By Christian Bergmann
I work at a café. It’s a cosy coffee shop located in Kew East, with a network of customers from many different walks of life. The beautiful thing is that this little coffee shop is more than just a goods and services provider: it’s a place of connection. Strange as I think it is, it’s a place of community, where friendships are born and people feel they are wanted. This little community has taught me a lot in recent days about what will carry us through this crisis. It has also given me a lot of hope.
Everybody knows the economic effect of this shutdown will be negative. However, one thing I remain hopeful of is that the social fruit of this crisis will be overwhelmingly positive. Let me tell you what I mean.
Throughout this time, we are being deprived of the smallest things that stitch the fabric of our society together: handshakes, hugs, close contact with those we cherish most, the freedom to go places because, well, we can. We feel partitioned, isolated, claustrophobic. Basic freedoms that we once took for granted have been temporarily suspended. Yet, after speaking with person after person coming through my café, there is one golden thread of hope that runs through the negativity, anxiety and distress: this is going to make our communities stronger if we let it. We are going to realise that the many small things that constitute our lives are not trivial but essential.
Another thing: in this crisis, people are being more intentional. We are finally coming to face the reality that what we do does in fact have an effect on others. We are not just individuals. Where we go, what we do, who we do it with – it matters. What is this but a rediscovery of a basic truth that we are social creatures designed for communion, not isolation. If we have a more individualistic bent, then quarantine should suit us perfectly. But it doesn’t, because even the strictest individualist wants his individualism to be known amongst the community.
Likewise, I’ve observed that people are being more intentional with their money. They are choosing to invest it in businesses they love, to help those they know are struggling. Again, people cannot spend money as freely as they used to, but where they do spend, they’re putting their money into the places they want to see stick around. In other words, they’re investing in society. It’s an exhilarating thing to see. In the face of crisis, the question of generosity becomes more important than ever, because finally generosity costs us something.
These things, they’re small. But it reminded me of one my favourite passages from Tolkien’s Lord of the Rings (if you’ll indulge me). During the Council of Elrond, after Gandalf urges the gathered people to act on destroying the One Ring instead of foolishly trying to control it, Elrond says this:
“The road must be trod, but it will be very hard. And neither strength nor wisdom will carry us far upon it. This quest may be attempted by the weak with as much hope as the strong. Yet such is the course of deeds that move the wheels of the world: small hands do them because they must, while the eyes of the great are elsewhere.”

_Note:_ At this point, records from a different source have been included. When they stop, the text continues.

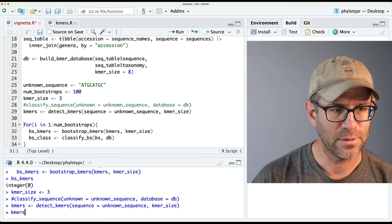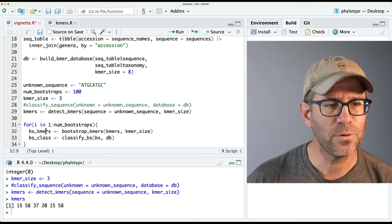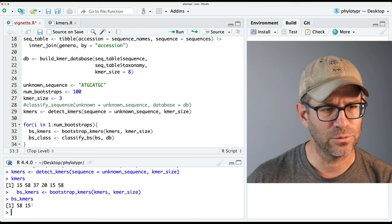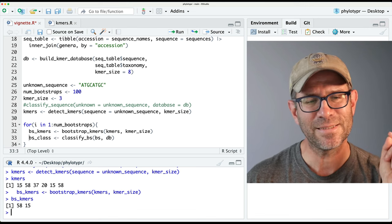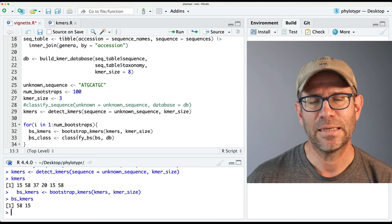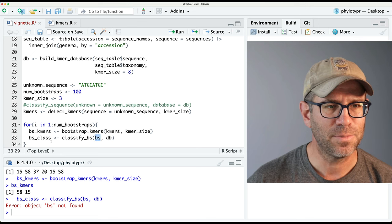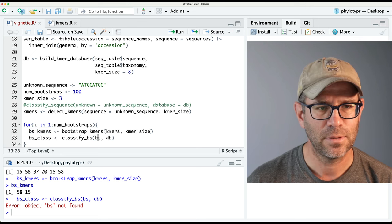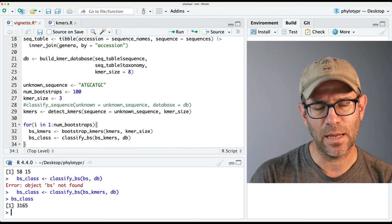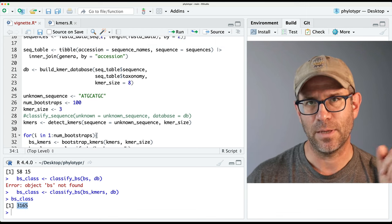Now if we look at k-mers, we see that there are six different k-mers. And so if we bootstrap that, it's not going to be zero because it's six divided by three which gives us two. So we've got these two k-mers and then we classify it. This result is going to be kind of a mess because I changed the name — this should be bs_kmers into here. Now if we look at bs_class, we then get a number back, and that number is an index in our genus in the database.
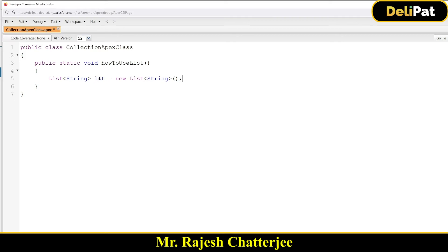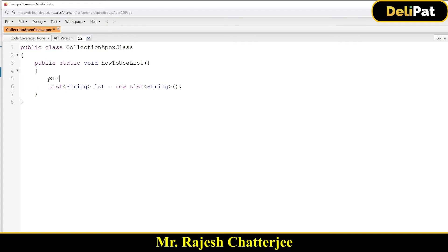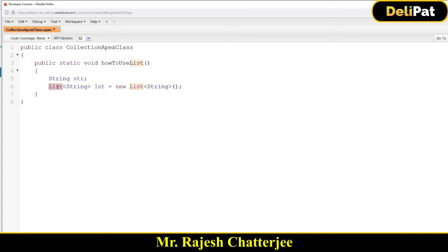To declare a regular string variable you just write: String str = 'Rajesh'; But the way you insert data inside a list variable is also different. This makes it clear why you use a list and not a variable — because a variable can hold only one piece of data, while a list can hold multiple data. List is a standard Apex class.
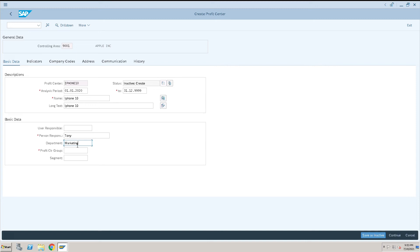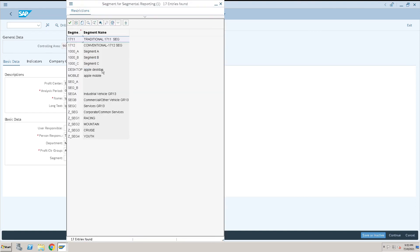Give the profit center hierarchy details. The standard hierarchy will be taken. For the segment, we have created two segments: one as desktop and another as apple mobile. We'll take this under the apple mobile segment.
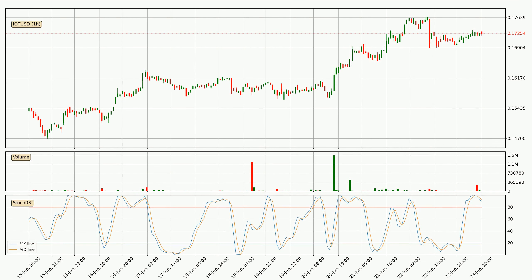Moving to the hourly stochastic RSI, both the %K and %D lines are located in the higher region. This means that the price is high due to overbuying and a change in the trend, or at least some kind of consolidation, can be expected. The K line is currently located below the D line, meaning that there is a downwards trend.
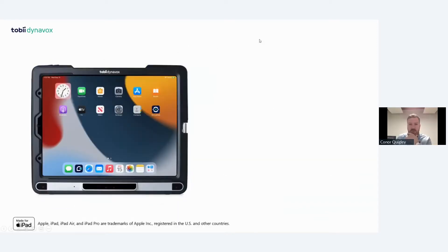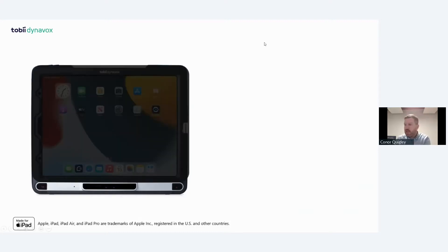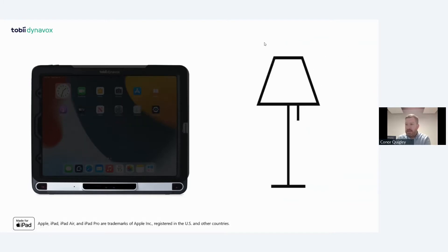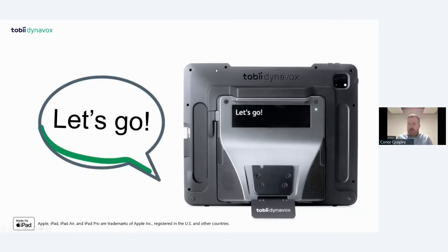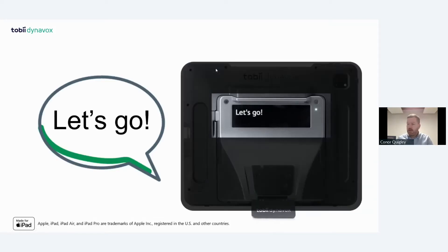Similar to some of our other eye gaze devices, the TD Pilot can be used in different scenarios — whether that's in the shade outdoors, indoors, or different lighting scenarios. The ability to use it outdoors is a new feature that also transfers to the eye tracker built into the TD Pilot. It turns your iPad into a communication device, with a partner window at the back and loud speakers so you can be heard.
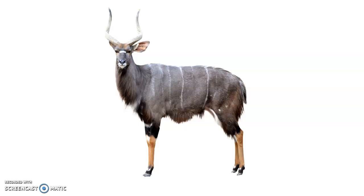Everybody say nyala. Let's say it one more time. Nyala, nyala.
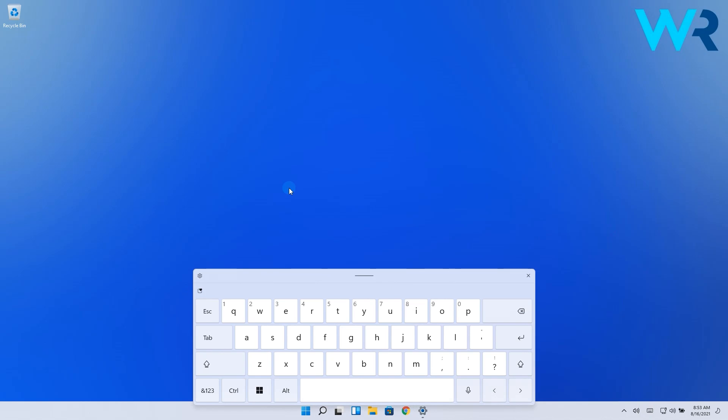The touch keyboard could prove super useful in moments where you have no other options, and you can even customize it further by pressing the little gear icon in the upper left part of the on-screen keyboard.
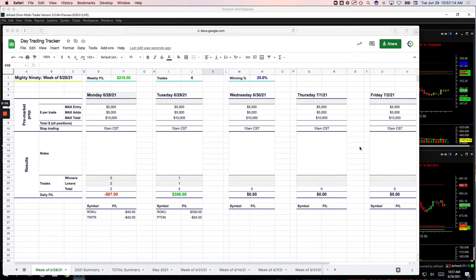Hey everyone, welcome to today's Day Trading Recap. Today's Tuesday, June 29th. Small green day today, plus $491.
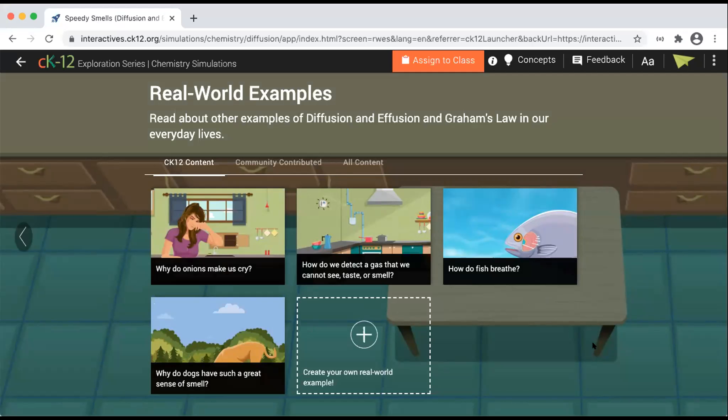I think this is a good time to pass things off to Heather, who leads science chemistry content as well as product development, to describe some of those product tools.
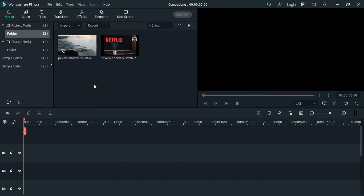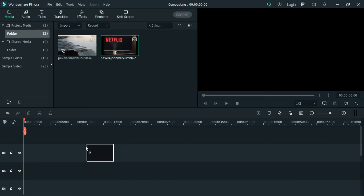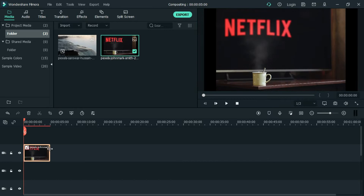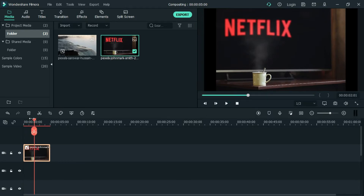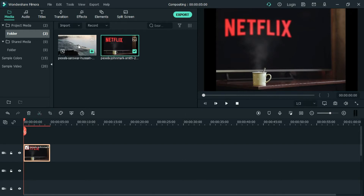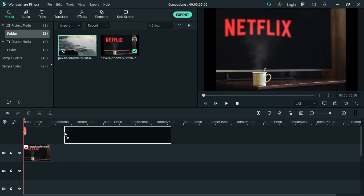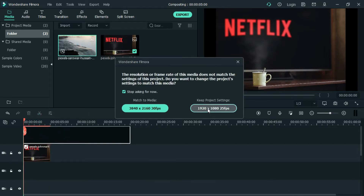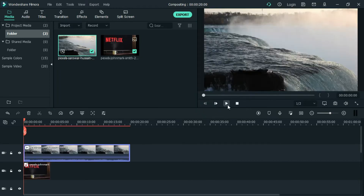In this very short tutorial I will teach you about Wondershare Filmora compositing. Compositing is the process or technique of combining visual elements from separate sources into single images, often to create the illusion that all those elements are parts of the same scene.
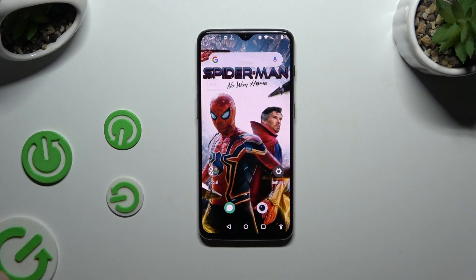In front of me is the OnePlus 6T, and today I would like to show you how you can operate App Cloner.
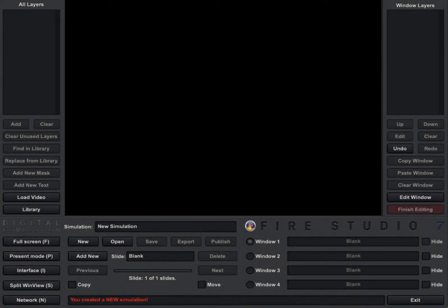Hi, Rich Merritt here with Digital Combustion. Today's tutorial is going to be making our first simulation in FireStudio, and we're going to try and do that in around five minutes or less. So let's get started.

Rich in Tolkien’s literature is attention to the small things. It is a great host of small things that make up our lives, our days, our hours. It is small people who can have the most profound and lasting impact on the course of things.

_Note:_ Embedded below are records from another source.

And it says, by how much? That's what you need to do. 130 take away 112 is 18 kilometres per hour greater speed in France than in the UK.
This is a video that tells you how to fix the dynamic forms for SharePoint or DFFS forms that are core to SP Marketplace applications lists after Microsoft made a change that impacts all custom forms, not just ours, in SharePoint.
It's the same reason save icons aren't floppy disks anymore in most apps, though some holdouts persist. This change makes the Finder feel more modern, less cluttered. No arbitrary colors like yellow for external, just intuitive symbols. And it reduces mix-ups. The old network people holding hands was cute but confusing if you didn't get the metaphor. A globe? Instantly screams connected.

Naturally, recalling this, I thought of Saint Thérèse of Lisieux. In her spiritual autobiography, she talks about how Mother Marie of her convent taught her a path to becoming holy: “fidelity in little things”. The path to sainthood, she said, was a path towards greater simplicity. After all, it was Jesus himself who said he had come to reveal truths which had been hidden from the foundation of the world to “the little ones”, not to the wise.

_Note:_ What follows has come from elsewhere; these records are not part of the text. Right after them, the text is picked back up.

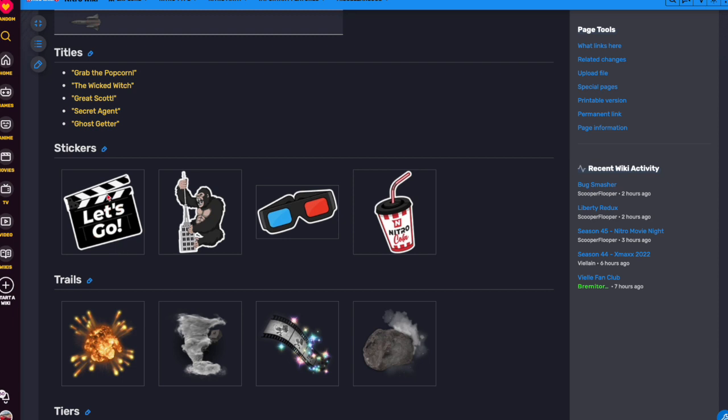Let's Go Clapperboard is just like Let's Go, like the sticker. Then we got Kong on top of the Empire State Building, very cool. 3D glasses, and of course, anytime we can brand Nitro, we love to do that.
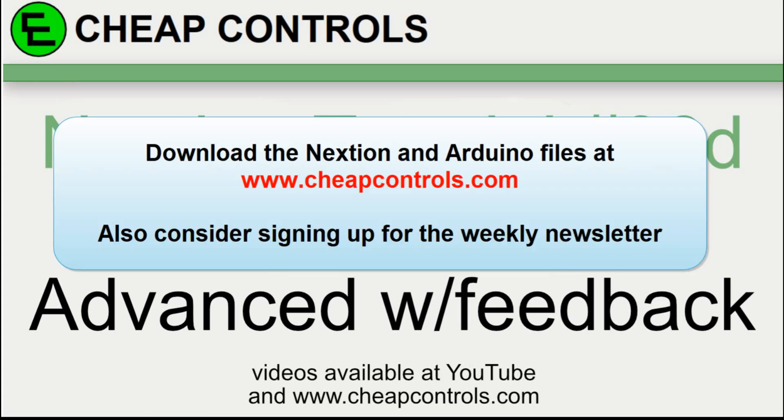Welcome to Cheap Controls. We make videos on things that we struggled with, hoping to help you so you don't. Consider subscribing and hitting that bell. We are adding content to CheapControls.com so you can download some extra documents used in this video. Consider joining the new Cheap Controls group on Facebook so you can stay in better contact with us.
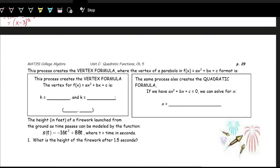If we go through that process to create the vertex formula, we might not need to get it into vertex form. We can just get it into standard form, or maybe we already have it in standard form and just need the vertex. We can get the vertex by doing negative B over 2A — that's what we just found on the other page.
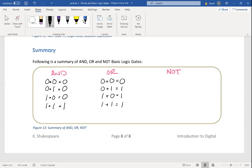The NOT gate, which is our inverter, says if the input is 0, it gets inverted and the output is 1. If the input is 1, it gets inverted and the output is 0. That's a nice summary of our three basic gates that all digital systems are made out of.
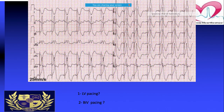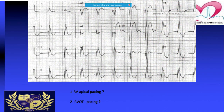The dominant R wave from V1 to V6 is consistent with basal LV pacing. LV pacing in subsequent figures was performed from the coronary venous system — from the coronary sinus. In this next ECG, pacing is done from the RV outflow because there is left inferior axis and left bundle branch block, and there is no dominant R wave in V1.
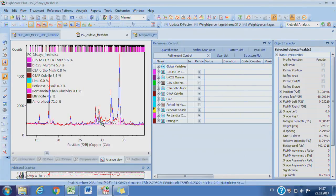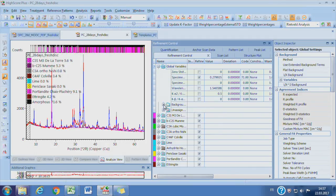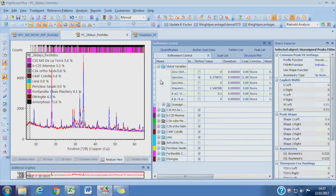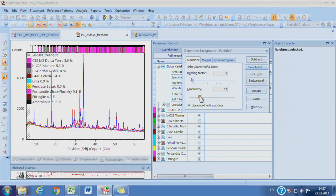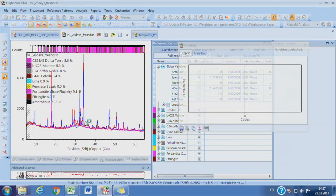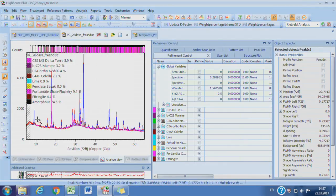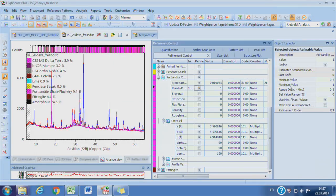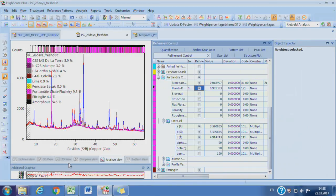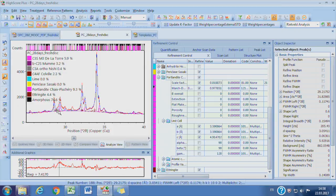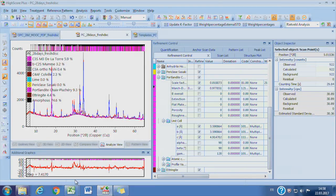The polynomial function is not powerful enough to fit the broad hump from the C-S-H contribution in the hydrated cement. So we change the background function to the manually determined one: click the global variable, then background, and change the type of background function in the object inspector from polynomial to Use Available Background. In this way we can define the background function by ourselves. By changing the granularity and bending factors, we should have a background curve following the lowest background of the pattern. Refining again, you should get a much better fitting. The manually determined background works well for the hydrates.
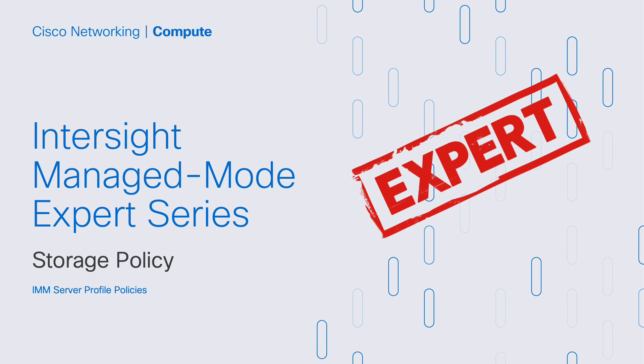Greetings, this is Matt Faiello, Technical Marketing Engineer with the Cisco Cloud Networking Compute BU, and we're back with another Intersight Managed Mode Expert series video. We're going to be talking about storage policies, which is part of our IMM server profile policies. So with that, let's get started.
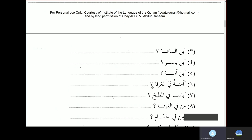Aina Aminatu fil ghurfati — is Amina in the room? La, Aminatu fil madbaki — no, Amina is in the kitchen. Or you can say: La, Mahmudun fil ghurfati — no, Mahmud is in the room. Yasirun fil madbaki — is Yasir in the kitchen? La, Aminatu fil madbaki — no, Amina is in the kitchen.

In this time of pandemic, in which we face a crisis that is truly global, truly situated on the world stage, of proportions and scales we have not yet come to comprehend, we should not forget to remain faithful to “the little things” and allow God to make our lives simpler. In simplicity, we can see God clearly. In simplicity, we can see ourselves clearly. As we do this, our communities and our society will become more robust, more homely than they were before.